My grand-aunt (my grandmother’s sister), R.Seetha, is an extraordinary woman who has had a tough life. As a young woman, she was a very bright student and became one of Bangalore’s first two female engineers in the 1960s. It was during her time in college that she began to experience symptoms of schizophrenia with hallucinations and some inexplicable fears. During the 1960s in India, there was a very poor understanding of mental illness and it was only in later years that it was recognized as schizophrenia.

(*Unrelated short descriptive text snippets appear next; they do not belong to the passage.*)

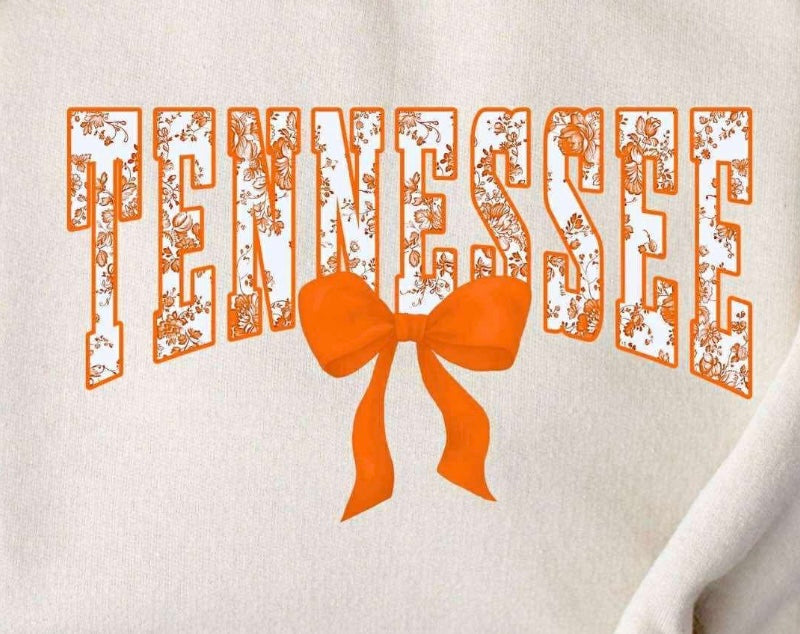 Custom Tshirts order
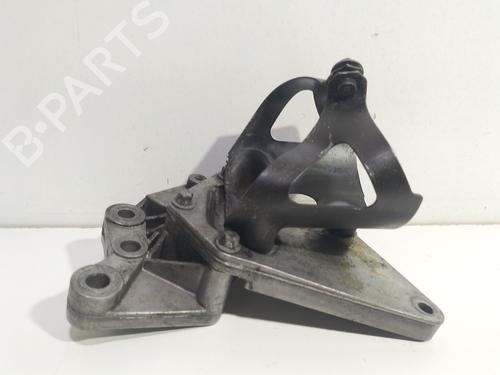 Used Support MERCEDES-BENZ SPRINTER 4-t Platform/Chassis (B904) 411 CDI (109 hp) 30625128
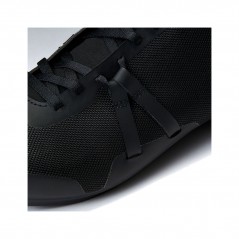 UDOG Zapatillas de ciclismo para bicicleta TENSIONE PURO 727515VAR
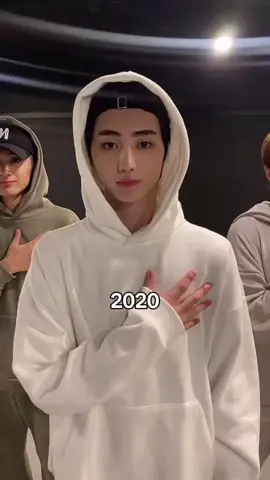 02z ❤️ #creatorsearchinsights #enhypen #jay #jake #sunghoon @enhypen 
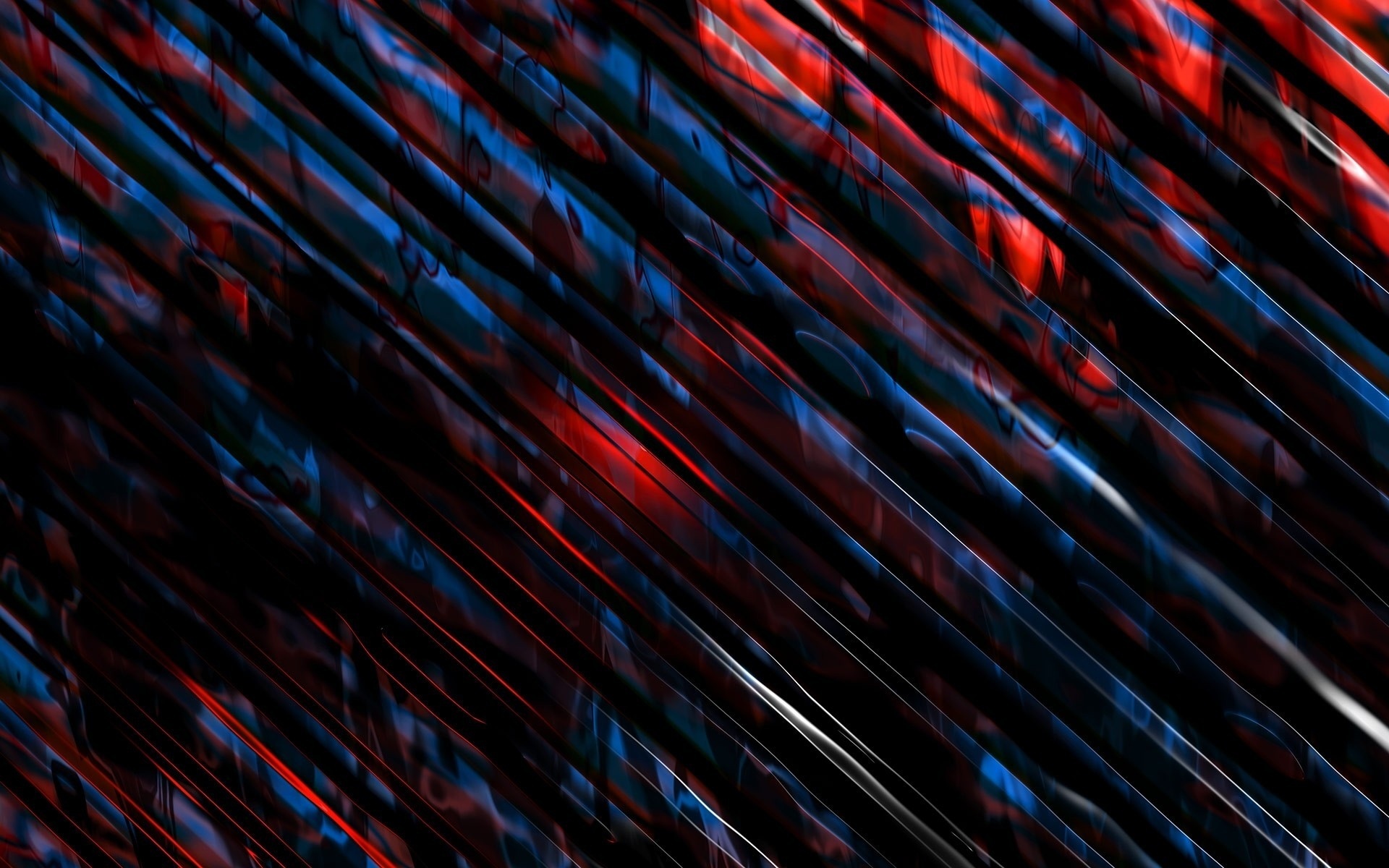 Abstract Dark Wallpaper Iphone - HD Wallpaper 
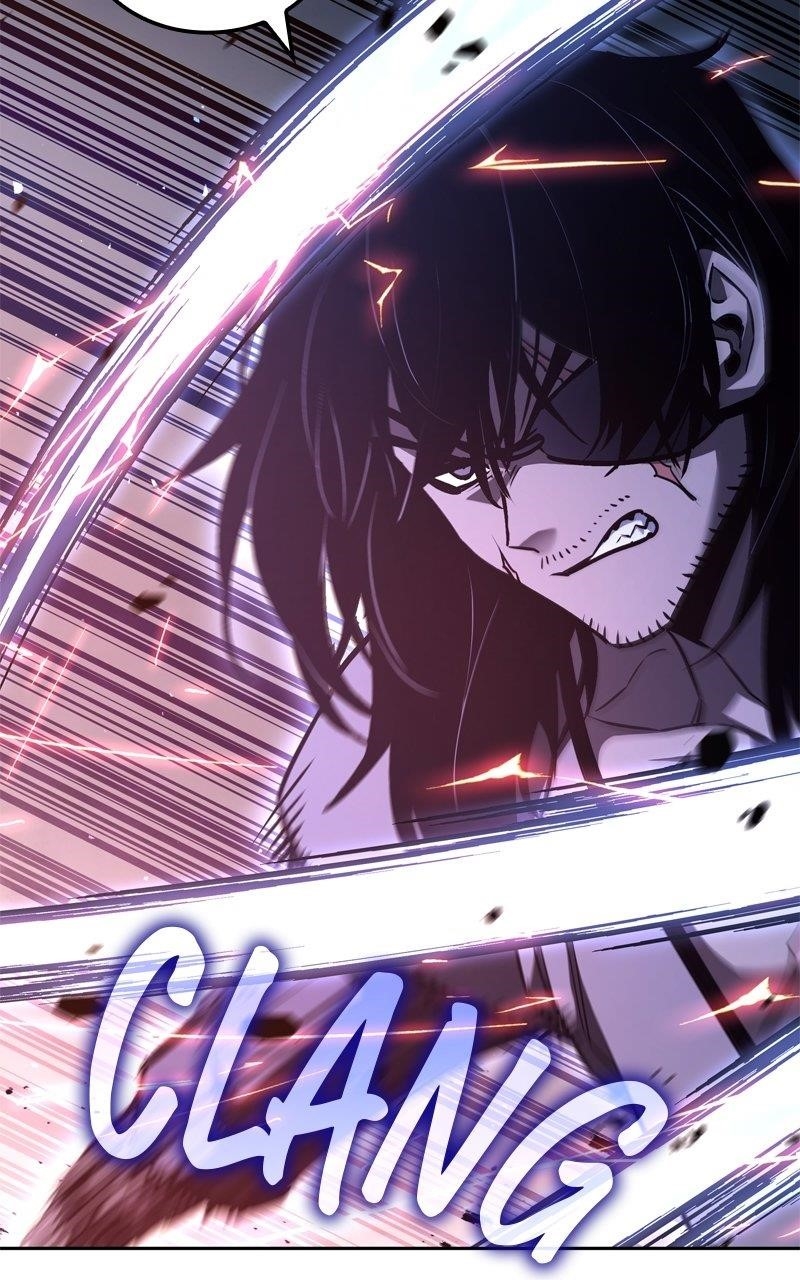 I Reincarnated As The Crazed Heir Chapter 140 - Page 17 in English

The only treatment available to my grand aunt was overmedication and electric shock therapy to dull her mind and occasional emotional outbursts. These traumatizing ‘treatments’ eroded her cognitive abilities which in turn led to a drop in self-confidence. My grand aunt lived with her parents for many years after dropping her engineering job and led a healthy life. Eventually, after my great-grandparents passed away, she went to live in a retirement home. However, for her to be allowed to live in this retirement home, she must be under constant medication to ensure that she is not a disturbance to any of the other residents. So she continues to get medication but now in her late 70s, she is leading a relatively calm life in the retirement home with the support of two siblings who regularly check on her.

My grand aunt was lucky to have the support of her parents and now her siblings, but many others are often not so fortunate. In India, there was and still is a social stigma around mental health conditions. Disorders like this are seen as the patient’s fault. Thanks to strong family ties in Asian communities, such patients are usually cared for by family members. However, too often mental health problems are seen as something that tarnishes the family’s honor or as a sign of weakness. The combination of the social stigma and the still lacking medical treatment options makes the lives of people with mental illness much harder than it has to be.

It is so important to fight this stigma against mental health disorders in Asian communities, so people like my grand-aunt can receive the proper treatment and support they deserve.